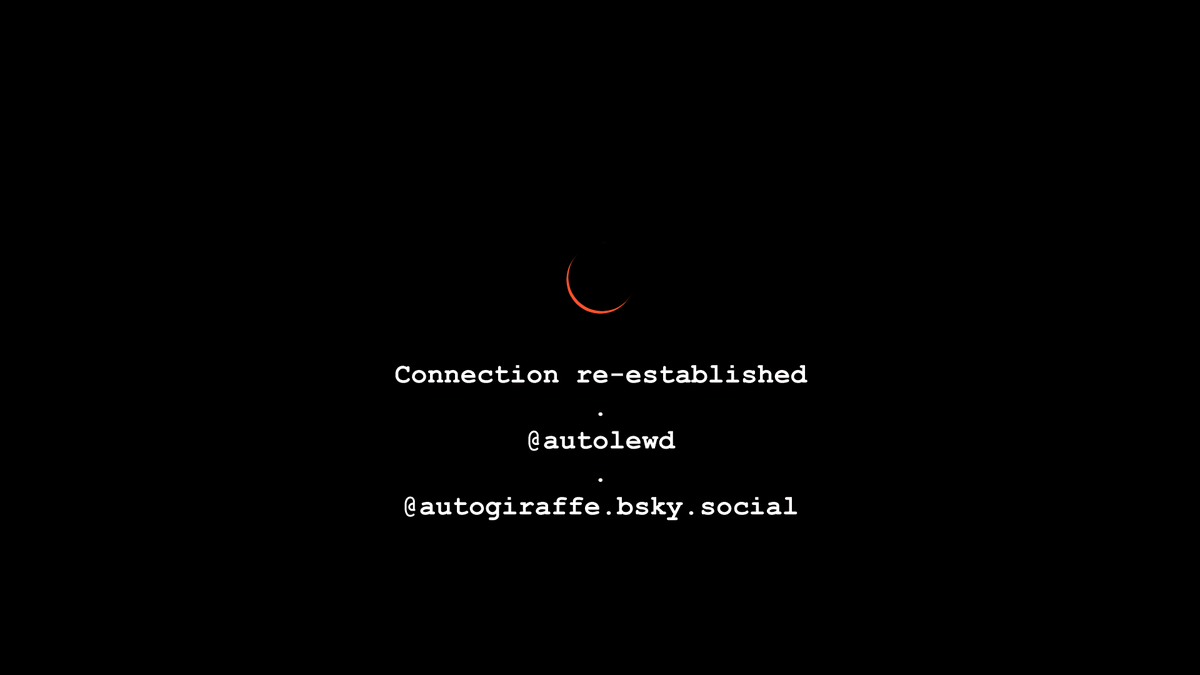 Celebration of the Dark Moons page 4 full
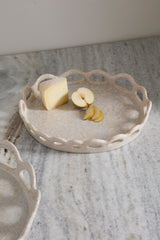 Winslow Trays By Accent Decor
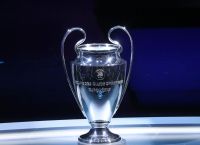 Το Champions League επέστρεψε για τα… καλά στις ζωές μας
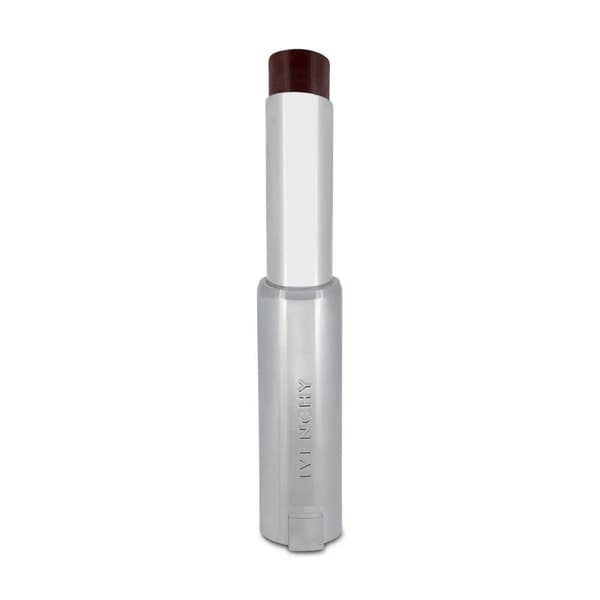 Givenchy Rose Perfecto Beautifying Lip Balm 37 Rouge Graine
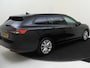 Skoda Superb Combi 1.5 TSI MHEV First Edition | Trekhaak | Stoelverwarming | Keyless | 3-zone airco | Achteruitrijcamera | Navigatie | Adaptieve cruise control | Dodehoek detectie |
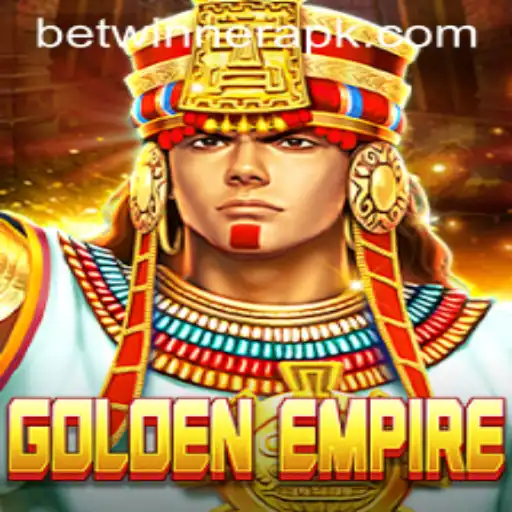 Discovering the Thrill of GoldenEmpire: A Comprehensive Guide with BetWinner
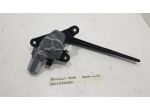MOTORINO TERGICRISTALLO POSTERIORE PEUGEOT 3008 Serie 9811259980 (1623)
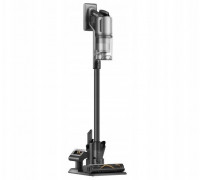 Dreame Z30 AQUA CYCLE VACUUM CLEANER CORDLESS STICK VZV77B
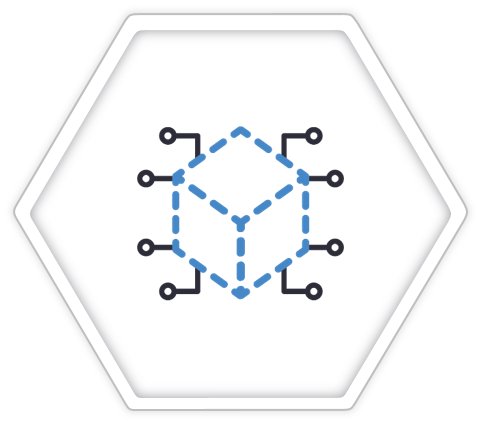 Enable Digital Twin strategy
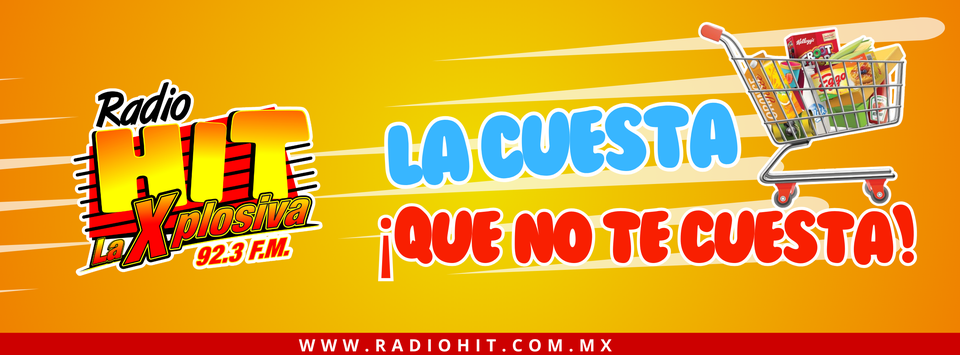 615742234_1364498009027658_6174658478175157597_n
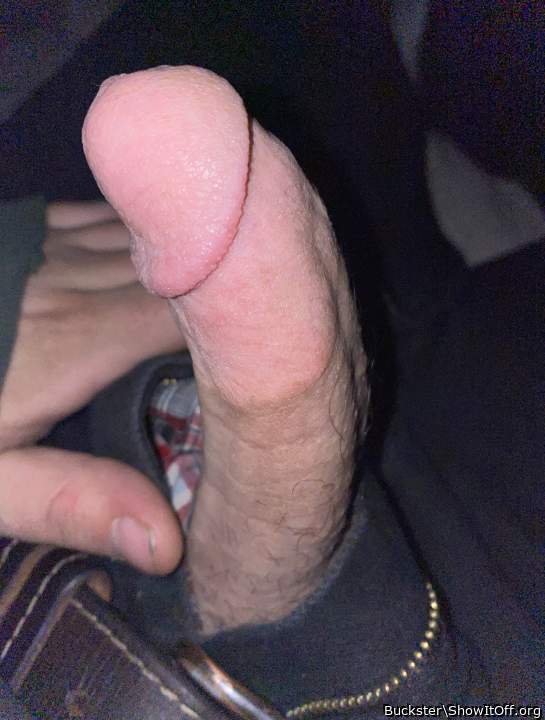 Adult image from Buckster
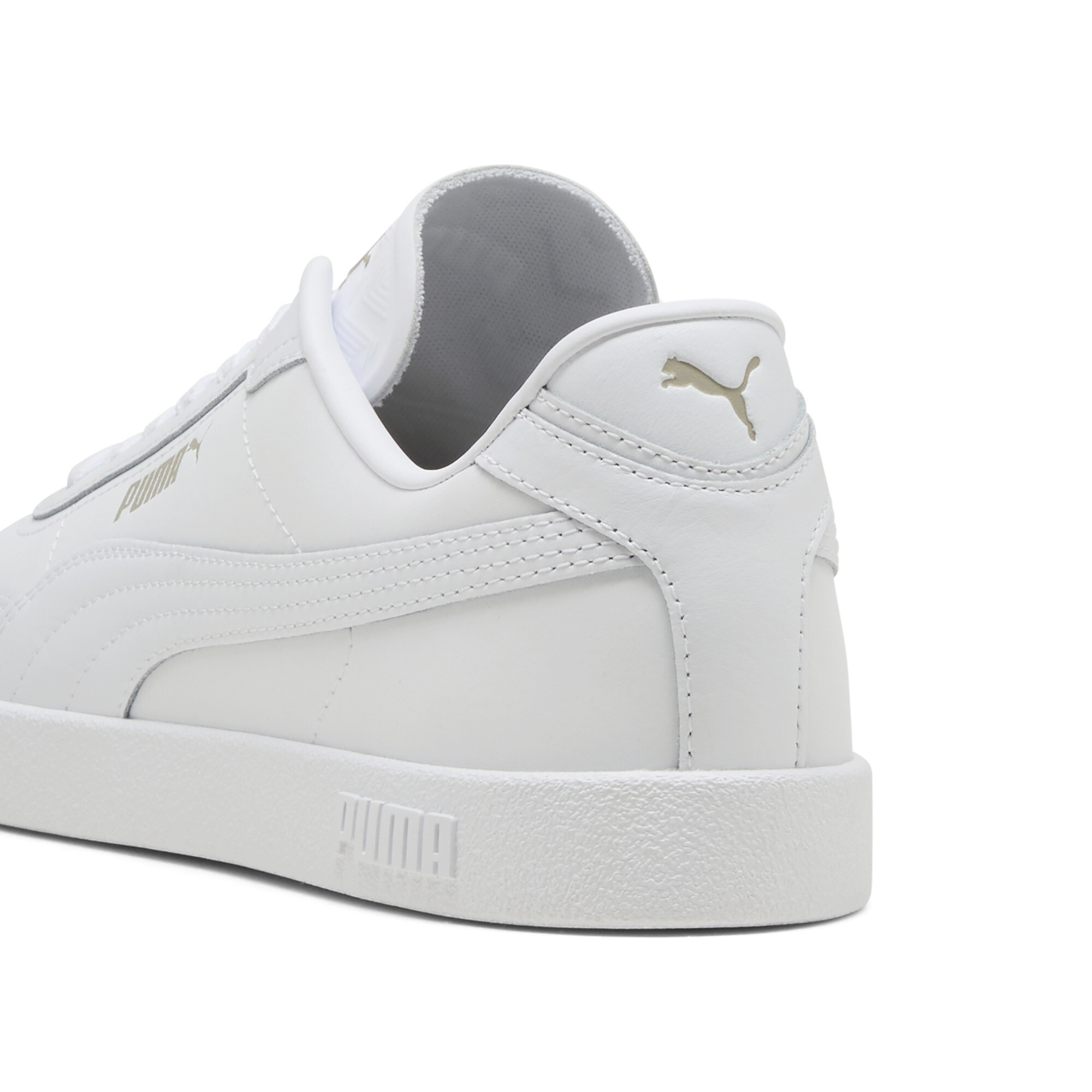 Puma ბოტასი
--*--
What the exercise asks
Output all the data, exactly, without images.

Your solution
 Celebration of the Dark Moons page 4 full
 Winslow Trays By Accent Decor
 Το Champions League επέστρεψε για τα… καλά στις ζωές μας
 Givenchy Rose Perfecto Beautifying Lip Balm 37 Rouge Graine
 Skoda Superb Combi 1.5 TSI MHEV First Edition | Trekhaak | Stoelverwarming | Keyless | 3-zone airco | Achteruitrijcamera | Navigatie | Adaptieve cruise control | Dodehoek detectie |
 Discovering the Thrill of GoldenEmpire: A Comprehensive Guide with BetWinner
MOTORINO TERGICRISTALLO POSTERIORE PEUGEOT 3008 Serie 9811259980 (1623)
 Dreame Z30 AQUA CYCLE VACUUM CLEANER CORDLESS STICK VZV77B
 Enable Digital Twin strategy
 615742234_1364498009027658_6174658478175157597_n
 Adult image from Buckster
 Puma ბოტასი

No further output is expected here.